Locality in Totatiche, Jalisco, Mexico

Temastián (officially known as Temastián de Julián Hernández) is a historic locality situated within the municipality of Totatiche, located in the northern region of the Mexican state of Jalisco.

The name Temastián originates from the Nahuatl word temachtiani, which translates directly to "educator" or "teacher." The town is regionally famous for its distinctive architecture made from pink cantera stone and its prominent status as a major center for religious tourism and equestrian tradition.

== Culture and Religious Pilgrimage ==
Temastián is recognized as one of the most important centers for religious pilgrimage in western Mexico, drawing tens of thousands of visitors annually. The culture of the town centers around the Santuario del Señor de los Rayos (Sanctuary of the Lord of the Lightning), which houses a highly revered 16th-century crucifix originally brought to the region by Franciscan missionaries.

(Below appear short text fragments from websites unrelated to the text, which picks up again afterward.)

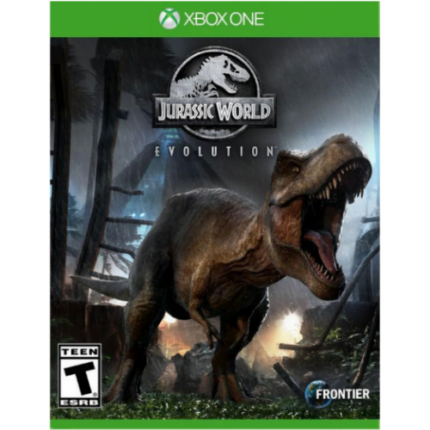Jurassic World Evolution Xbox One (Pre-owned)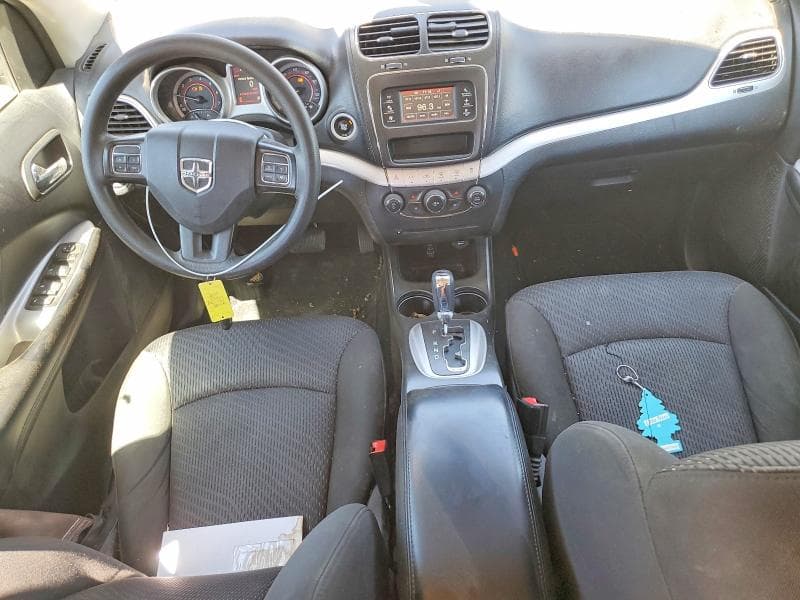 2019 DODGE JOURNEY SE 8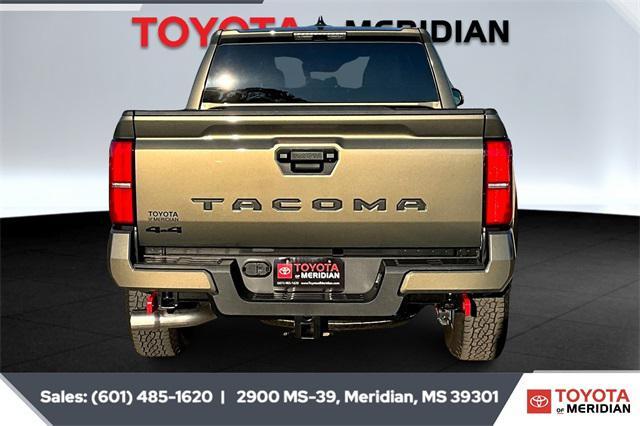 new 2025 Toyota Tacoma car, priced at $47,151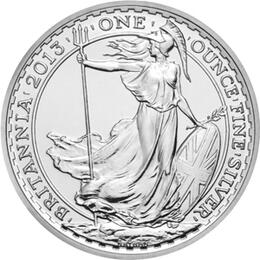 Britannia 1 Unze 2013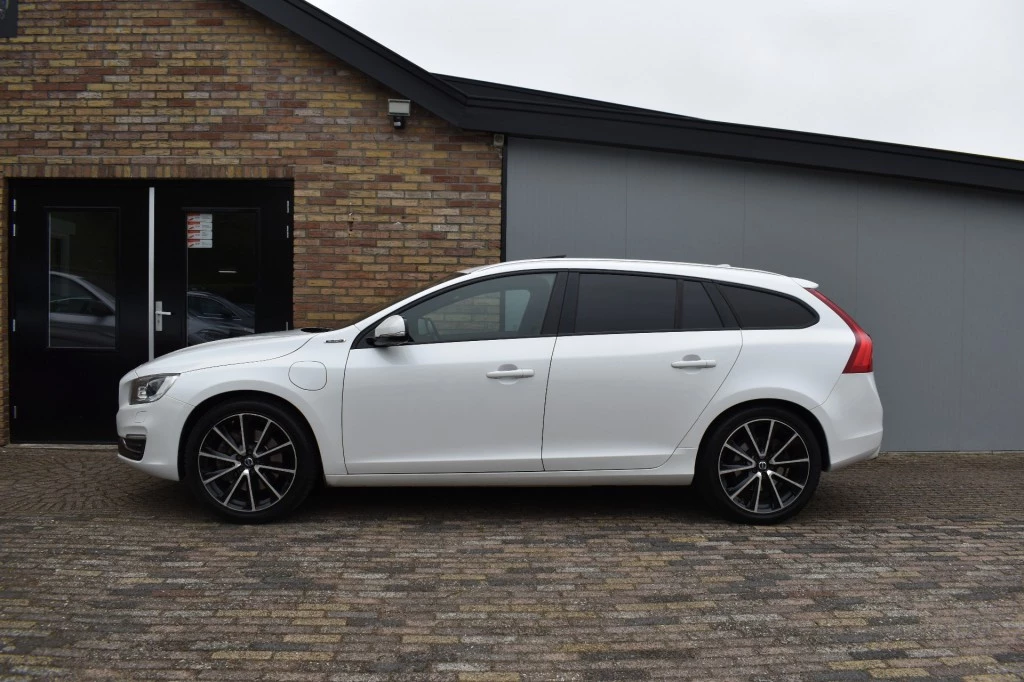 Hoofdafbeelding Volvo V60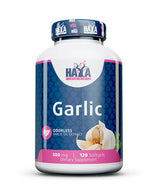 Άοσμο σκόρδο 500mg./120 softgels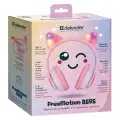 Defender słuchawki Bluetooth FreemotionB585 Led różowy|pink (63585) Foto 11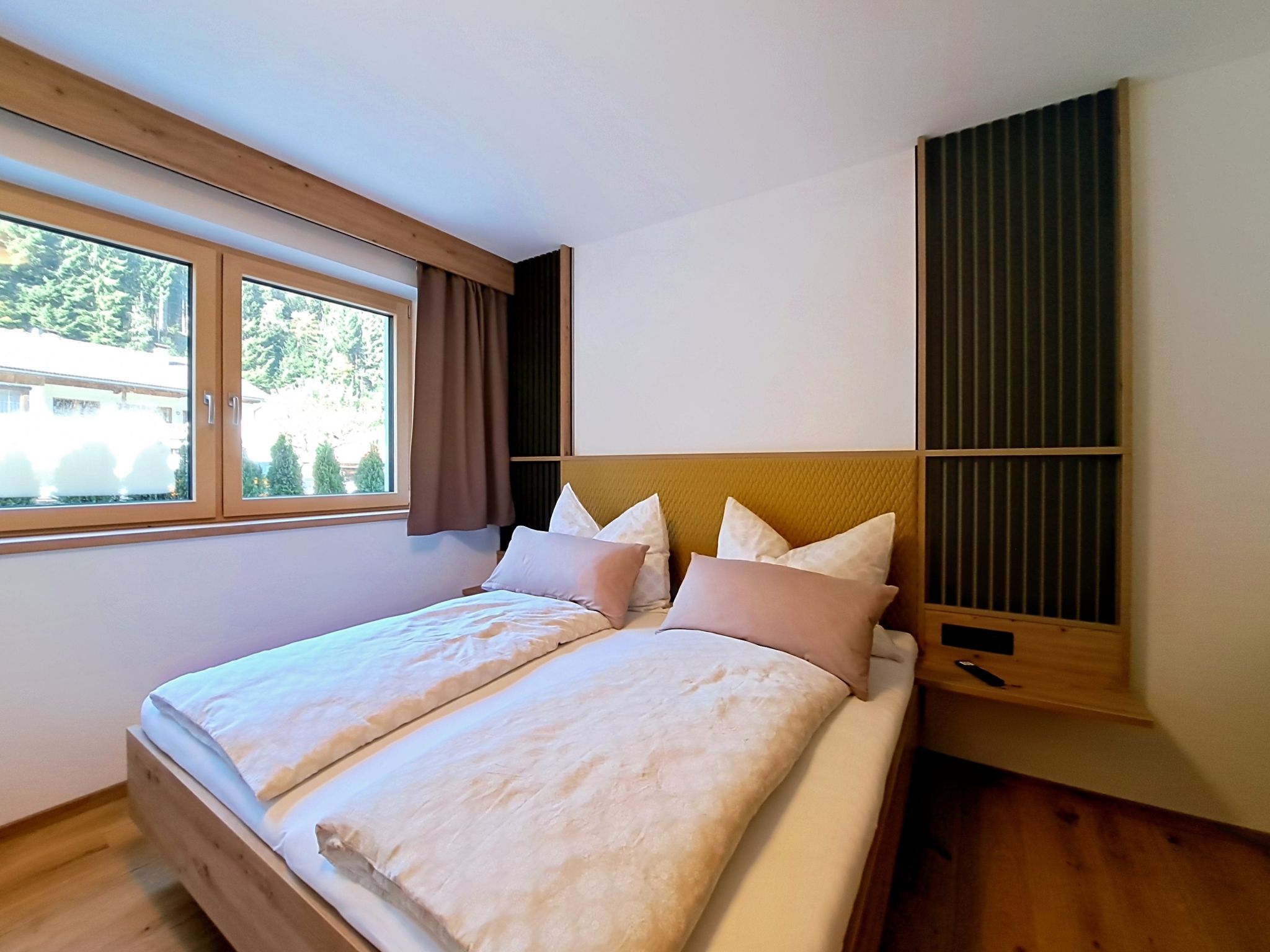 Appartement Bergland bestehend aus Bavaria und Tyrol – Chambre, photo 34 sur 93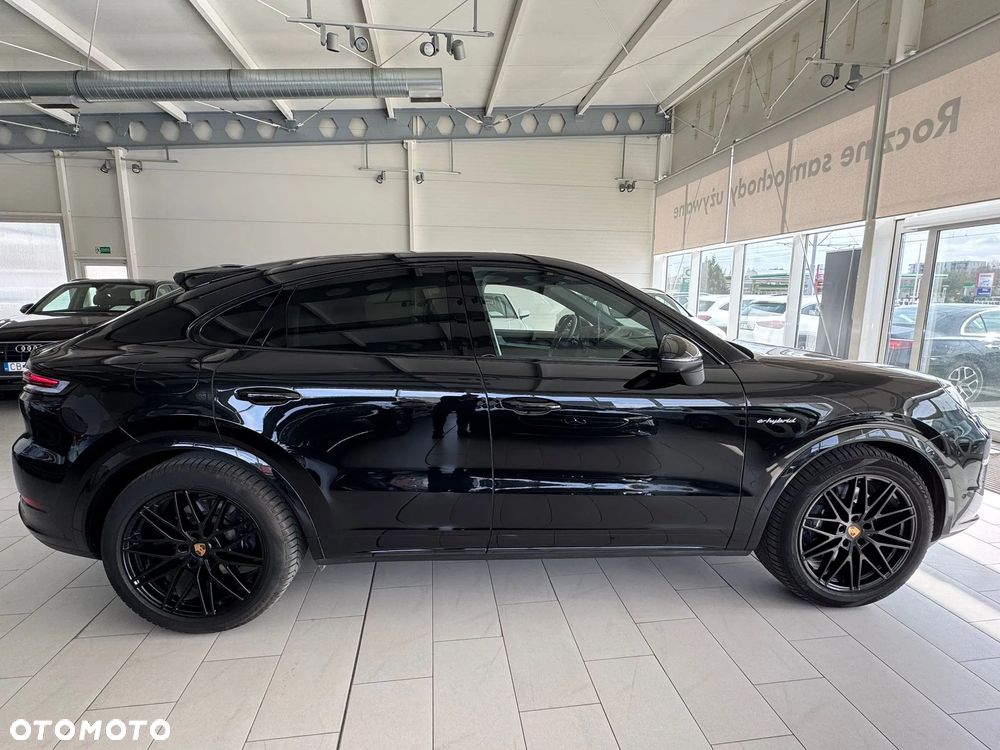 Porsche Cayenne E-Hybrid Platinum Edition - 2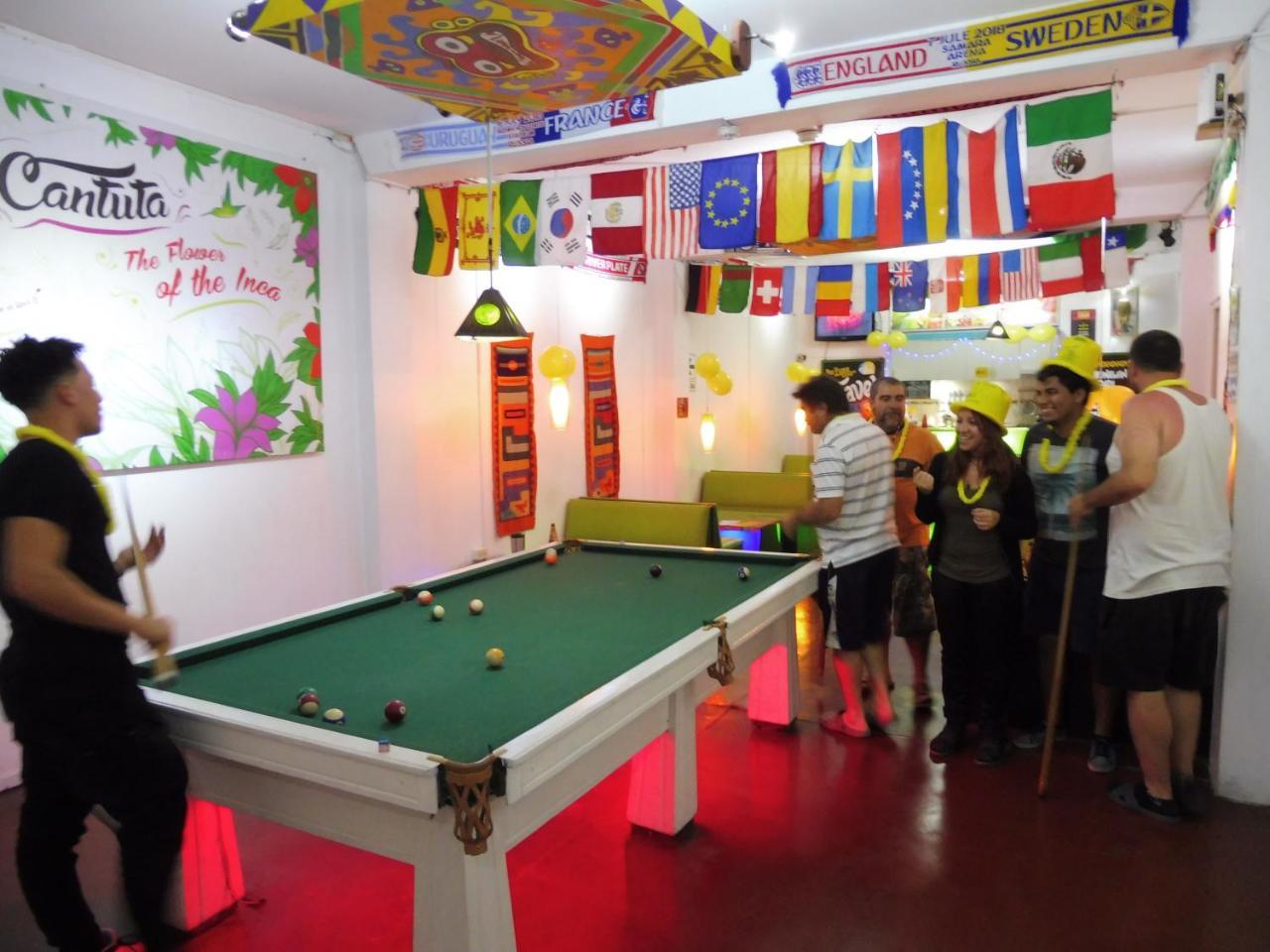 Hostel Paypurix - Airport
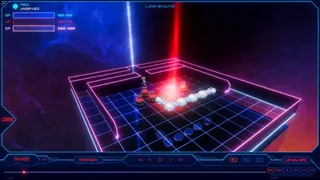 Скриншот 3 к игре RoboSnakes: Core Wars Legacy
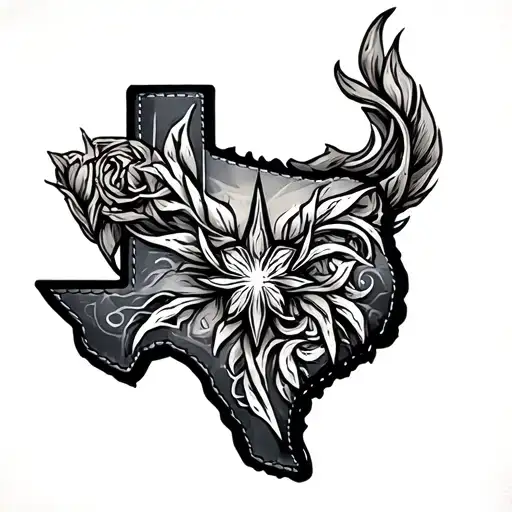 Texas Leather Work
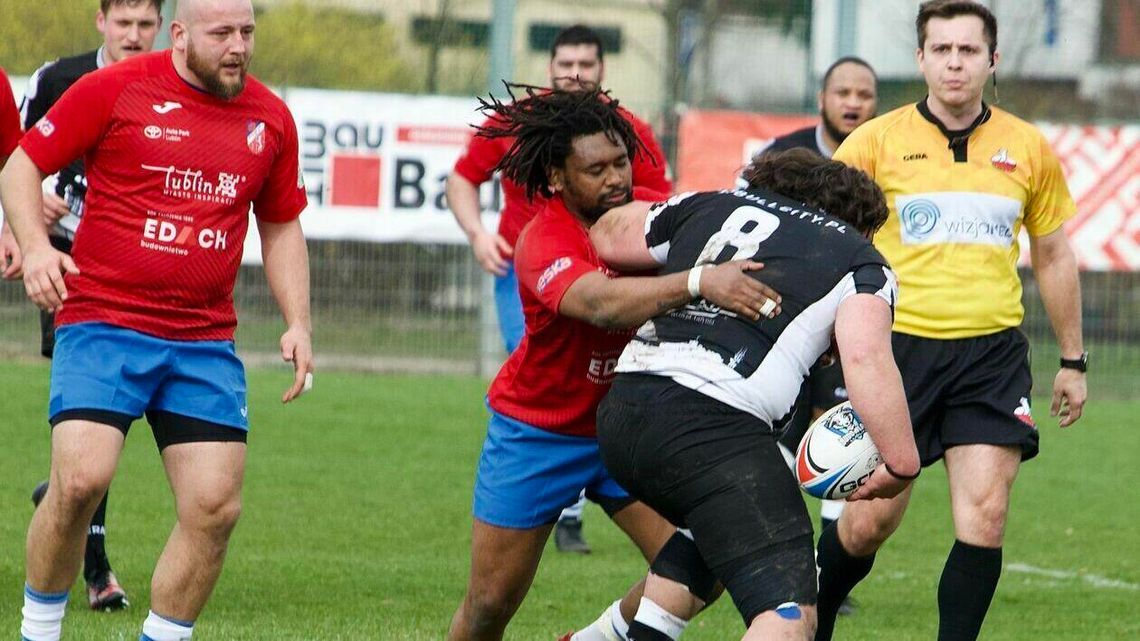 Edach Budowlani zagrają w sobotę z Awenta Pogonią Siedlce, czyli pierwsze jajeczko w nowym miejscu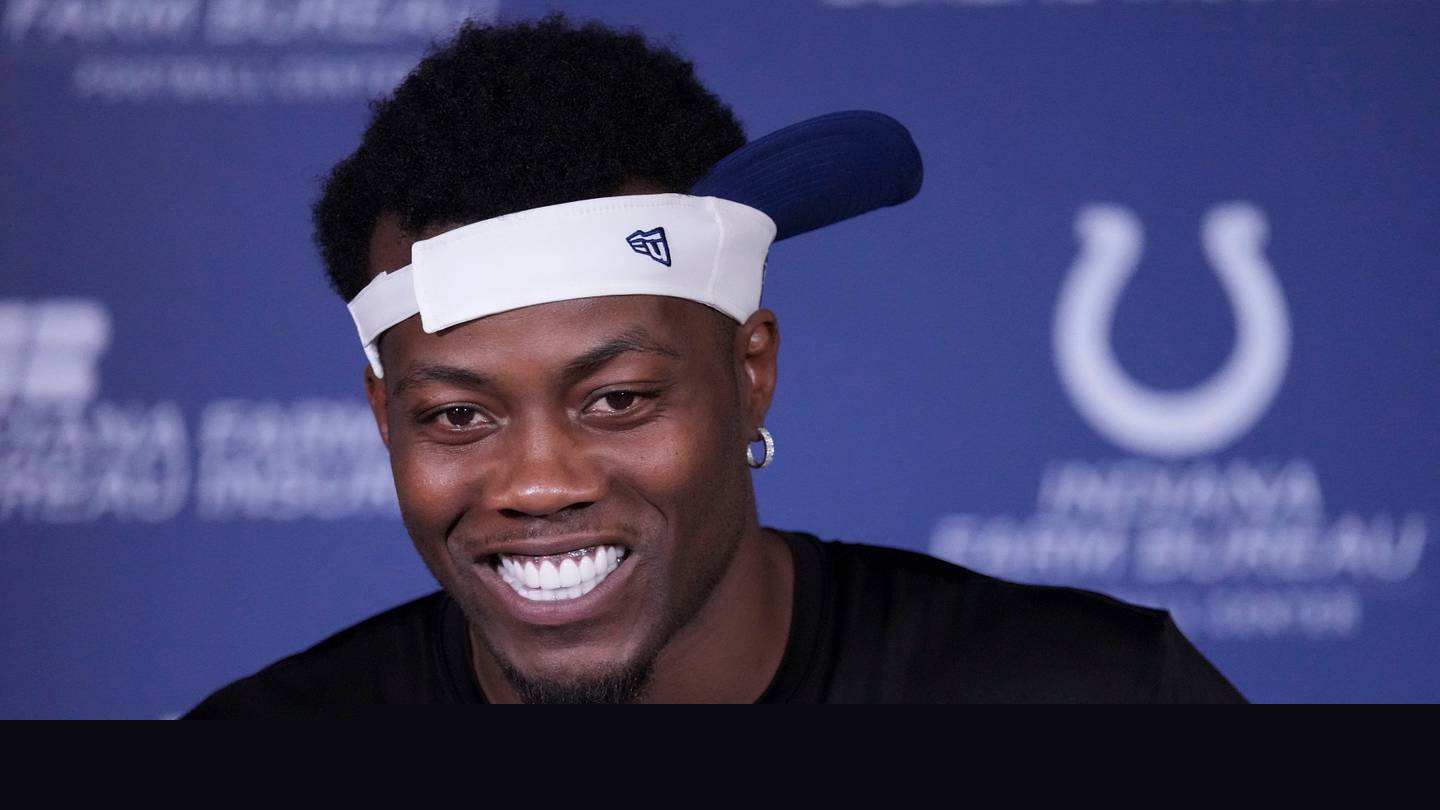 Colts' Arden Key and Akeem Davis-Gaither share one huge edge at camp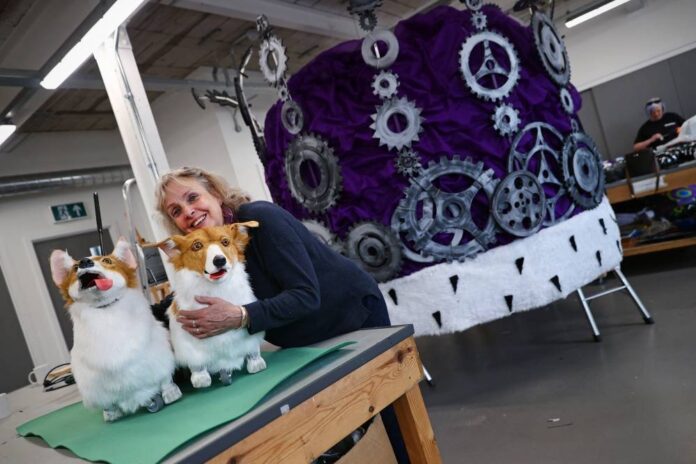 Queen's pet passions to take centre stage in Jubilee parade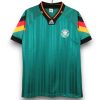 Camiseta Alemania 1992 Visitante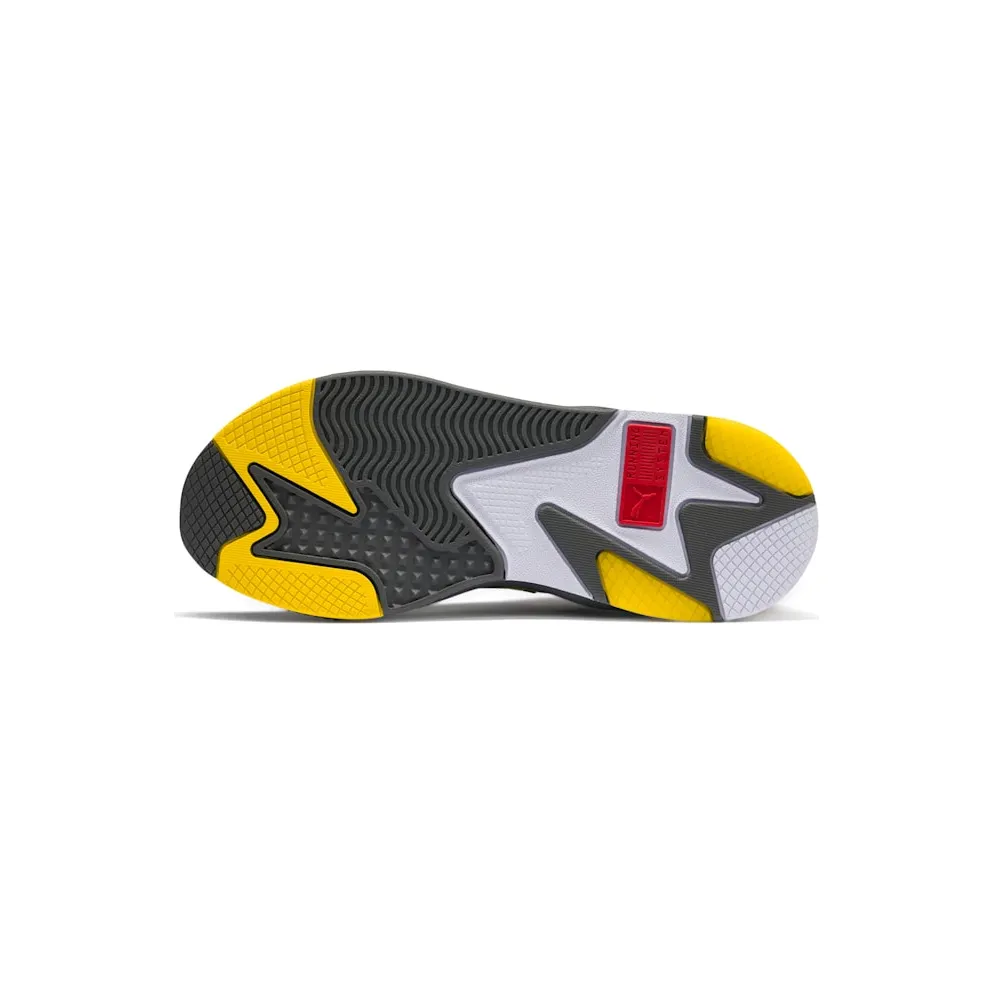 Puma RS-X Transformers Bumblebee Yellow/Grey-Bumblebee (370701-02)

Local historical chronicles detail that during an intense storm in the colonial era, a lightning bolt struck the crucifix assembly but left the central image completely unharmed, giving the icon its distinct name. The town's major religious and cultural festivities take place annually from January 3 to January 12, as well as during the Feast of the Ascension, culminating in traditional indigenous dances, regional music, and massive foot pilgrimages arriving from Zacatecas and Aguascalientes.

== Architecture ==
The locality is highly regarded for its traditional architectural profile, which relies heavily on locally quarried pink cantera stone (cantera rosa). The Sanctuary itself features detailed filigree carvings in stone, a sprawling open-air stone atrium designed to hold overflow crowds during festivals, and prominent twin baroque-style spires flanking a grand central dome arranged in a classic Latin Cross layout.

== Notable people ==
- Father Juan Navarro: Prominent local clergyman who directed the monumental construction phase of the modern sanctuary complex and expanded the regional pilgrimage infrastructure.
- Mauro Castañeda C.: Master stonemason whose intricate work with local pink cantera stone defined the physical facade and internal carvings of the historic sanctuary temple.
- Don Patrocinio: Equestrian athlete and historical figure from the region. Despite having no legs, he achieved status within the traditional Mexican riding community of horse riding and equestrian sports in Jalisco.